(Source information):
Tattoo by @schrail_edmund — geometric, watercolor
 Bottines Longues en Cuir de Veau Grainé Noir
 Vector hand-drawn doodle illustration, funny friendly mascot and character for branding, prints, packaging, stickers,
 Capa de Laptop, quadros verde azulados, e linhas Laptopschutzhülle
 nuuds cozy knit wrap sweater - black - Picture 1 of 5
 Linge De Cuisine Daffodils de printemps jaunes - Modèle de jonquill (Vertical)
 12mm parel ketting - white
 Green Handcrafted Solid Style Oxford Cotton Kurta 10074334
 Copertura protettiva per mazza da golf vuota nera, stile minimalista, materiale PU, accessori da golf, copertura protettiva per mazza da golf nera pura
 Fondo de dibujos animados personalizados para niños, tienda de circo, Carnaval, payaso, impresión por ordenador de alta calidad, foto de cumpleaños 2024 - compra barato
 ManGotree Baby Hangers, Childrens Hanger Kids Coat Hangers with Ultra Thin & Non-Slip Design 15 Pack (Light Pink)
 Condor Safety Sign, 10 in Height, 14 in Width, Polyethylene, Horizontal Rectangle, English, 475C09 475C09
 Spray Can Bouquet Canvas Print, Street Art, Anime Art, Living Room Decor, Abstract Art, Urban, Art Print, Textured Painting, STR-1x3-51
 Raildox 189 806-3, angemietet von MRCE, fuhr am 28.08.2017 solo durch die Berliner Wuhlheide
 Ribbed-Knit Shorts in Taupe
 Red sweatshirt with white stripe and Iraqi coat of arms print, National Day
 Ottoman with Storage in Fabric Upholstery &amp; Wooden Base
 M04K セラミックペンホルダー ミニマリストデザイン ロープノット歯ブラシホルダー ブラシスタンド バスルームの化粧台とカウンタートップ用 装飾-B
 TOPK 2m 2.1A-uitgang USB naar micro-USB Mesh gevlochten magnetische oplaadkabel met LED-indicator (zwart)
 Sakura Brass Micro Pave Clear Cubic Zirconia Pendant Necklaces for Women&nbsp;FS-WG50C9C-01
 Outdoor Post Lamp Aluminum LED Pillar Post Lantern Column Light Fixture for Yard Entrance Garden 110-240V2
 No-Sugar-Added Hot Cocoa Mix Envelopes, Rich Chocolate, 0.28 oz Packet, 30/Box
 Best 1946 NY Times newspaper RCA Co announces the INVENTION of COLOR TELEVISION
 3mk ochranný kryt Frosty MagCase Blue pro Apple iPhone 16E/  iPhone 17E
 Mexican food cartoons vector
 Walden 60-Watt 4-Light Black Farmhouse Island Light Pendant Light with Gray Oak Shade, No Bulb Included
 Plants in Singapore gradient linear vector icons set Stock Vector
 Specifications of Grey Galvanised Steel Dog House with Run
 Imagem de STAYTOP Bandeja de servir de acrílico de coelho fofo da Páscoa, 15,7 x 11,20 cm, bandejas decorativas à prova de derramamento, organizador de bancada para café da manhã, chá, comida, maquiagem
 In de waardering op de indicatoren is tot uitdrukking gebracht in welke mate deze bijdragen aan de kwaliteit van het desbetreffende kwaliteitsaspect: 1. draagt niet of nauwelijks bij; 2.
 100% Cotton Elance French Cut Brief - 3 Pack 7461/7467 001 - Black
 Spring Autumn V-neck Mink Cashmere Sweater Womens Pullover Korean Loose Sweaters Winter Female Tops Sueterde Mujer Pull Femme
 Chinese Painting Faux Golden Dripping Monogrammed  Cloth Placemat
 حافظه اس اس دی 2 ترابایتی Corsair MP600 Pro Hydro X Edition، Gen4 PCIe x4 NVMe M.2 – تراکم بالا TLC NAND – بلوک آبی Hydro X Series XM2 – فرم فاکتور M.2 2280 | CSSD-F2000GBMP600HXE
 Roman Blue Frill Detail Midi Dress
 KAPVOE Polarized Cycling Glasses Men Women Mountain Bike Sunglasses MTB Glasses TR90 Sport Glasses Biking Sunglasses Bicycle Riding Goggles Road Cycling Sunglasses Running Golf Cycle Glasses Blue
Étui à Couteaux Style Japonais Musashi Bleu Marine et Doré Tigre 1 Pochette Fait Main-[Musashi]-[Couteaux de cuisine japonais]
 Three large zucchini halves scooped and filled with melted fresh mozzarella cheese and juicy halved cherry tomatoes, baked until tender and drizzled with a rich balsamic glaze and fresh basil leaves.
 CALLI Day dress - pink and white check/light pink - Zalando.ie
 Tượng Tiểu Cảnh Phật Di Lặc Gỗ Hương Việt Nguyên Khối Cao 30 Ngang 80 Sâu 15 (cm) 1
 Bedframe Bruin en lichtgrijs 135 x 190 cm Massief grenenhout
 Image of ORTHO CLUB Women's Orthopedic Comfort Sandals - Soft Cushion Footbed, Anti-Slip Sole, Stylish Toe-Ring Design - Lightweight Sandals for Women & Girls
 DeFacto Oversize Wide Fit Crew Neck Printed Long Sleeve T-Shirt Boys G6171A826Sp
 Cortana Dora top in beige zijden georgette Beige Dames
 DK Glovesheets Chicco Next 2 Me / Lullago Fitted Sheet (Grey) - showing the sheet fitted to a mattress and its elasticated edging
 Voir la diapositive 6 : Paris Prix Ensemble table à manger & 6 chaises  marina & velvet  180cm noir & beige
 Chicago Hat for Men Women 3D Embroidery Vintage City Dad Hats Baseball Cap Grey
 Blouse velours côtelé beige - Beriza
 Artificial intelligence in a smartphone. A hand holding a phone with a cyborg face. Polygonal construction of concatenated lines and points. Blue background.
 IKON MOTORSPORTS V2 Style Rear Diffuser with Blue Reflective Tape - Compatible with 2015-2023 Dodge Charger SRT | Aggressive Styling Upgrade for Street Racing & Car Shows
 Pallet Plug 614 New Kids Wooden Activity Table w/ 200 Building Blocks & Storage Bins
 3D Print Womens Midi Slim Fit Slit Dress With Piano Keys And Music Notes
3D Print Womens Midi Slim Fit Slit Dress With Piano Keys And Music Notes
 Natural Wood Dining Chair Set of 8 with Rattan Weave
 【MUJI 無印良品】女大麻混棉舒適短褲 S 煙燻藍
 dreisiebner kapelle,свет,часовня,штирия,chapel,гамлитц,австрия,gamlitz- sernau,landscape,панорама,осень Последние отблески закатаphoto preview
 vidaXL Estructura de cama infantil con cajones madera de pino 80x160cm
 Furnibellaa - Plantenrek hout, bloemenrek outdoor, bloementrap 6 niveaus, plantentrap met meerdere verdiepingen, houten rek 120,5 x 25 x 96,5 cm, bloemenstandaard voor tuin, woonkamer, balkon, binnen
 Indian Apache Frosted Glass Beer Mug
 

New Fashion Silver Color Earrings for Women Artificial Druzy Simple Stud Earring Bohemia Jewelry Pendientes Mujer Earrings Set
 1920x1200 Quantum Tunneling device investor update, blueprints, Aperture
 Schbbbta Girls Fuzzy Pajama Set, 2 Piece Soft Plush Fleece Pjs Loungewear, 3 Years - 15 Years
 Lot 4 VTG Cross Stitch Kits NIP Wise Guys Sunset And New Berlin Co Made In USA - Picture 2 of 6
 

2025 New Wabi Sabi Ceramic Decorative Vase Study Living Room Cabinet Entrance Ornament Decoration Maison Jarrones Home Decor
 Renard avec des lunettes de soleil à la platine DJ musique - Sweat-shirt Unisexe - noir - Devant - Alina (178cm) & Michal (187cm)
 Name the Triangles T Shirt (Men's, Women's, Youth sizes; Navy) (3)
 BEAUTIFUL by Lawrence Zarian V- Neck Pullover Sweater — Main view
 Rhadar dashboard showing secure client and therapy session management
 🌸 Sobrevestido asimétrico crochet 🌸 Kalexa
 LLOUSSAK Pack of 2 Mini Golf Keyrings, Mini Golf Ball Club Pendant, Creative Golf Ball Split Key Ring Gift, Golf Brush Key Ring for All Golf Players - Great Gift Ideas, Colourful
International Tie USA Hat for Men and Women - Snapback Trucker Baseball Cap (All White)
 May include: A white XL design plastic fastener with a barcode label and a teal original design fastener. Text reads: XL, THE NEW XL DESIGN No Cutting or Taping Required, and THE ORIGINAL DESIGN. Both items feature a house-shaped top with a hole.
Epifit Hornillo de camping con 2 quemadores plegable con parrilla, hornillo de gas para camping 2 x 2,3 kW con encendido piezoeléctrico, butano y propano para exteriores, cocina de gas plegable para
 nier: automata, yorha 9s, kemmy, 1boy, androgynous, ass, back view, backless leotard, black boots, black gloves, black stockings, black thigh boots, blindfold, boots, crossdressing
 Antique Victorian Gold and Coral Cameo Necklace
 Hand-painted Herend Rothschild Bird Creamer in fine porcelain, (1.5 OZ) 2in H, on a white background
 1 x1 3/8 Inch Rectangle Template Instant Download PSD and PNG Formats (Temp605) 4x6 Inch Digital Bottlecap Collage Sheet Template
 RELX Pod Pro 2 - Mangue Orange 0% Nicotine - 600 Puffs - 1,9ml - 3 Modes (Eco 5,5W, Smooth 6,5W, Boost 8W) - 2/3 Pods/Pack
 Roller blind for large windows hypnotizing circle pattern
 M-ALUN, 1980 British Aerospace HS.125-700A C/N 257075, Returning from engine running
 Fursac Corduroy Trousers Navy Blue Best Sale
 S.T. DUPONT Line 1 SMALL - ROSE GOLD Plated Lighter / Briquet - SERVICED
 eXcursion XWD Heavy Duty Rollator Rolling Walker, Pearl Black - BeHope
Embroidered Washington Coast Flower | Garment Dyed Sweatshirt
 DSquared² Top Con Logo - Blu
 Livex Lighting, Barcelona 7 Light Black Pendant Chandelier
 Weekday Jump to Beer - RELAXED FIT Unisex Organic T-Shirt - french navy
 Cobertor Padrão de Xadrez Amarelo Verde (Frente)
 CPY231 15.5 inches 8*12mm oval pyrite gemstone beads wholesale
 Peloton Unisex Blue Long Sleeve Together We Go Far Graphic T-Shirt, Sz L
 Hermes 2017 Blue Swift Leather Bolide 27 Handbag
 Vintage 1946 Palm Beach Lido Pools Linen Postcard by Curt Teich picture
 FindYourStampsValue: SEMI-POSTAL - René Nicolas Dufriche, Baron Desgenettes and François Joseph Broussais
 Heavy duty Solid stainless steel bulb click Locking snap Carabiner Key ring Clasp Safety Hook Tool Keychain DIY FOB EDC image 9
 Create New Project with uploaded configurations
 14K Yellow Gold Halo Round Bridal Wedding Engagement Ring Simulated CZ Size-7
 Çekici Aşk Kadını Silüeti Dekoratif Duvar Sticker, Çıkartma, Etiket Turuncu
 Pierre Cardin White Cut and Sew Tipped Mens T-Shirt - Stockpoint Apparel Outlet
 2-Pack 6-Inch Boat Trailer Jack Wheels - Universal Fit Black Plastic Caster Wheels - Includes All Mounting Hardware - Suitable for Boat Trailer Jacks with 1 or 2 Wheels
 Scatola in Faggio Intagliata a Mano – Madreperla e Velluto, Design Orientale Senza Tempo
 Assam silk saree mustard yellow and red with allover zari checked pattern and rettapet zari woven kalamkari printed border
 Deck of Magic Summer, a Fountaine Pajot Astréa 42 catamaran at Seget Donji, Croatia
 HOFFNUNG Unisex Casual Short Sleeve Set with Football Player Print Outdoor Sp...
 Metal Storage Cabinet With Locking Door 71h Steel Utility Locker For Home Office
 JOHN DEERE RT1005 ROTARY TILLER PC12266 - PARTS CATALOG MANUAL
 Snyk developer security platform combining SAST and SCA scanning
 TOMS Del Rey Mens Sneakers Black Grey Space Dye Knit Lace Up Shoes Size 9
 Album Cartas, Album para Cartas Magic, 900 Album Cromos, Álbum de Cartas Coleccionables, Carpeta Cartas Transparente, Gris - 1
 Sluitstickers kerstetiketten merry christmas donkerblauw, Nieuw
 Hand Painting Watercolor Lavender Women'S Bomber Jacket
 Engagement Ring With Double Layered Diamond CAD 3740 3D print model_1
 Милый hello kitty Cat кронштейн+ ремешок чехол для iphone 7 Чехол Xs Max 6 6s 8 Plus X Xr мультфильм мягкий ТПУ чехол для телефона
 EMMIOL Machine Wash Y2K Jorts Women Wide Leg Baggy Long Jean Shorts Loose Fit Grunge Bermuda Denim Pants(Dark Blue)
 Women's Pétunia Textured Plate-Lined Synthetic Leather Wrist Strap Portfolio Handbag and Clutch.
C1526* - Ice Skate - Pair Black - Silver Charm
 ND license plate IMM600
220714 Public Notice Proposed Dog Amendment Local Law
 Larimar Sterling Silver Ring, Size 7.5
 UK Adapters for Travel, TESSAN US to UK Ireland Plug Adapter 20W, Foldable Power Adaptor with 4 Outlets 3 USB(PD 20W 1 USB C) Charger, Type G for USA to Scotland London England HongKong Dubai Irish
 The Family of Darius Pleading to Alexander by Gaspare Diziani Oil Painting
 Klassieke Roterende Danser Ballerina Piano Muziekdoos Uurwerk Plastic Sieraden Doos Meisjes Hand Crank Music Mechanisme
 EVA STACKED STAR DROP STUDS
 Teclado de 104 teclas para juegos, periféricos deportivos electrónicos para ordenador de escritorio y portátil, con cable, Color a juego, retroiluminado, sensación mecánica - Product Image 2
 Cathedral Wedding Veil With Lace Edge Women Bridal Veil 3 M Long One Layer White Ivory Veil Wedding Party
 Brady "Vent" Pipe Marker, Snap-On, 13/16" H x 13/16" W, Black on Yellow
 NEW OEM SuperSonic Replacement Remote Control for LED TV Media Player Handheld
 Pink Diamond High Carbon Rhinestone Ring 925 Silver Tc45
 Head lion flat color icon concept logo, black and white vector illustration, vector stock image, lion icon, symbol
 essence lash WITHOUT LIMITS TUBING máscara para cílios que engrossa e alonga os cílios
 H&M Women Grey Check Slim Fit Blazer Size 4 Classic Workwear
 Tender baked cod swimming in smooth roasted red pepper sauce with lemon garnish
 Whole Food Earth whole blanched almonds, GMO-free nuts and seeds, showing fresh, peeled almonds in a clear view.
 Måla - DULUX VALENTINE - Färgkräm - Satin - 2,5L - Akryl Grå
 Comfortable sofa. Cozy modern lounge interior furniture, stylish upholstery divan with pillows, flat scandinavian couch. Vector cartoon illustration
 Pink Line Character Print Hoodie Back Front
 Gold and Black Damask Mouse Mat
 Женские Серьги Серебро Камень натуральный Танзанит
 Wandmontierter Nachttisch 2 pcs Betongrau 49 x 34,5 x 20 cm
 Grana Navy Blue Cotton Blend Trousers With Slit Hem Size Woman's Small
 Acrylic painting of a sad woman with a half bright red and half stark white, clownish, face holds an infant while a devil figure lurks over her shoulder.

(Directions for this task): Only one part of the material above is to be transcribed, namely the lines starting with the line that has "Pink Diamond High" and going on through the line that has "Tender baked cod", exactly as they stand.

(Output for this task):
 Pink Diamond High Carbon Rhinestone Ring 925 Silver Tc45
 Head lion flat color icon concept logo, black and white vector illustration, vector stock image, lion icon, symbol
 essence lash WITHOUT LIMITS TUBING máscara para cílios que engrossa e alonga os cílios
 H&M Women Grey Check Slim Fit Blazer Size 4 Classic Workwear
 Tender baked cod swimming in smooth roasted red pepper sauce with lemon garnish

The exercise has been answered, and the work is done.